O padrão de anomalias positivas (negativas) de Função Corrente (Geopotencial) sobre a América do Sul concordou com a precipitação acima da média observada em janeiro sobre parte da Região Sul (vide seção 2.6), já que o cavado em altos níveis favoreceu o estabelecimento de convecção a leste do seu eixo. Sobre o Brasil Central (seção 2.4) e sul da Região Nordeste (seção 2.3), o padrão de anomalias concordou com a precipitação abaixo da média observada nestas regiões, já que nos subtrópicos, a ocorrência de convecção associada às chuvas deve estar relacionada com a circulação anticiclônica em altos níveis, ao contrário do que foi observado em janeiro.

Objetivamos então, avaliar a possível manifestação de mecanismos de teleconexões no último mês, monitorando o comportamento dos centros de ação conhecidos e suas influências sobre alguns pontos nas Regiões Sul, Sudeste e Nordeste do Brasil. Todos os pontos utilizados aparecem na figura 1.3.2 .

Notamos que alguns picos de convecção observados nos pontos A, B e C, podem estar remotamente relacionados com os centros de ação selecionados. Por exemplo, observou-se que nos dias 10, 11 e 26 de janeiro, alguns centros de ação apresentaram convecção acima da média, simultaneamente aos pontos B e C, enquanto que no dia 6, os mesmos pontos apresentaram um comportamento nitidamente oposto ao observado no ponto C (figuras 1.3.3 , e figura 1.3.3.d . Pode-se notar também, que o pico de anomalia negativa observado no ponto G (associado à posição climatológica da ZCPS) no dia 13 (figura 1.3.3.d), pode estar associado com a convecção abaixo da média observada nos pontos D, E e F, nos dias subseqüentes (figuras 1.3.3) respectivamente).

No entanto, como esta análise refere-se ao comportamento da atmosfera em pontos específicos do globo, perde-se a noção da escala espacial dos eventos analisados.

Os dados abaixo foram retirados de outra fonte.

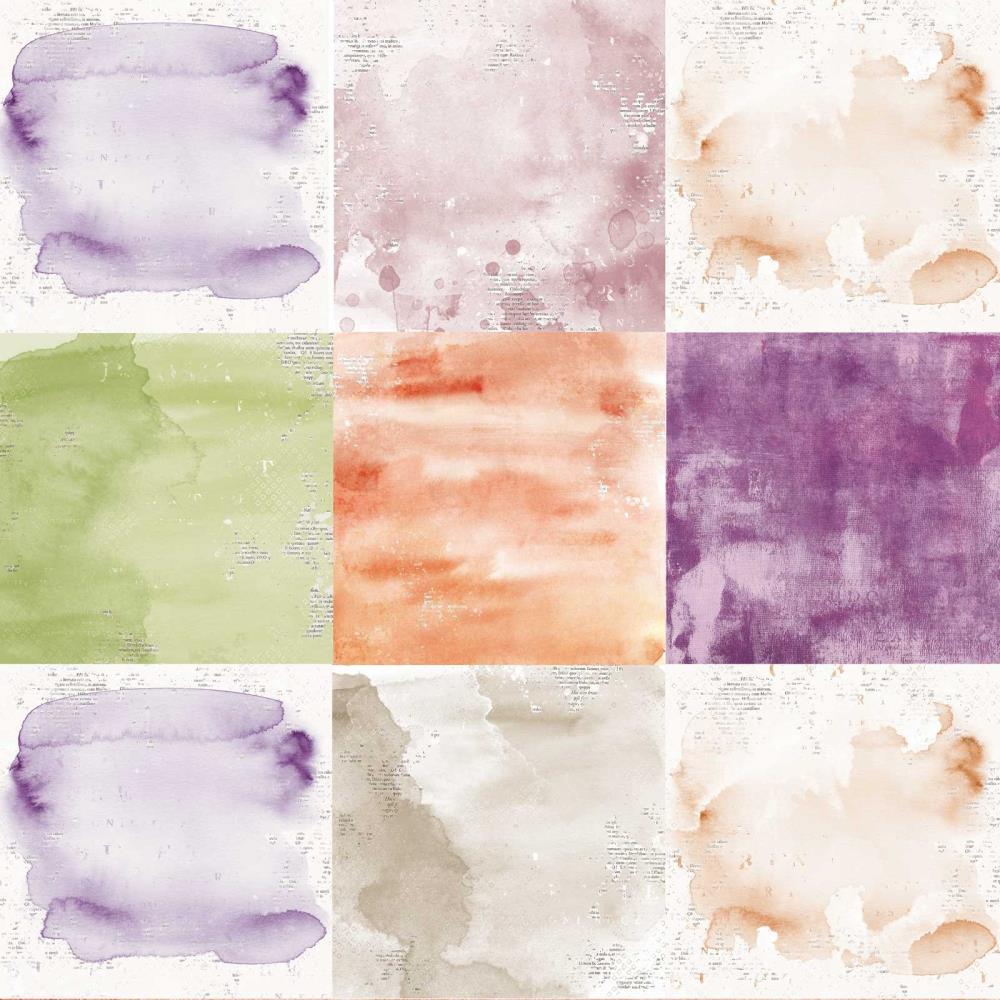 49 and Market - Artoptions Plum Grove - Foundations Pack -  12 x 12"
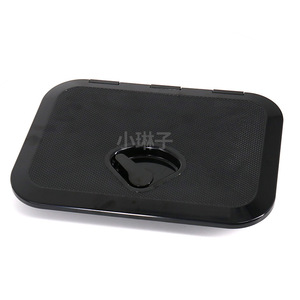 270-375 Deck Hatch Cover <b>Abs</b> Plastic Boat Access Panel For Yacht Speedboat Repair Replacement - Product Image 2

Através de composições globais da anomalia de ROL, durante períodos de convecção acima da média nos pontos B e C (figuras 1.3.4 e 1.3.5), notamos que a ZCPS aparece sempre deslocada para leste da sua posição climatológica, e que o máximo de convecção na América do Sul esteve sempre posicionado próximo ao Uruguai e ao Norte da Argentina. Em nenhum dos casos, observou-se a manifestação de um episódio de ZCAS sobre o Sudeste do Brasil e Brasil Central (vide seção 2.8.2).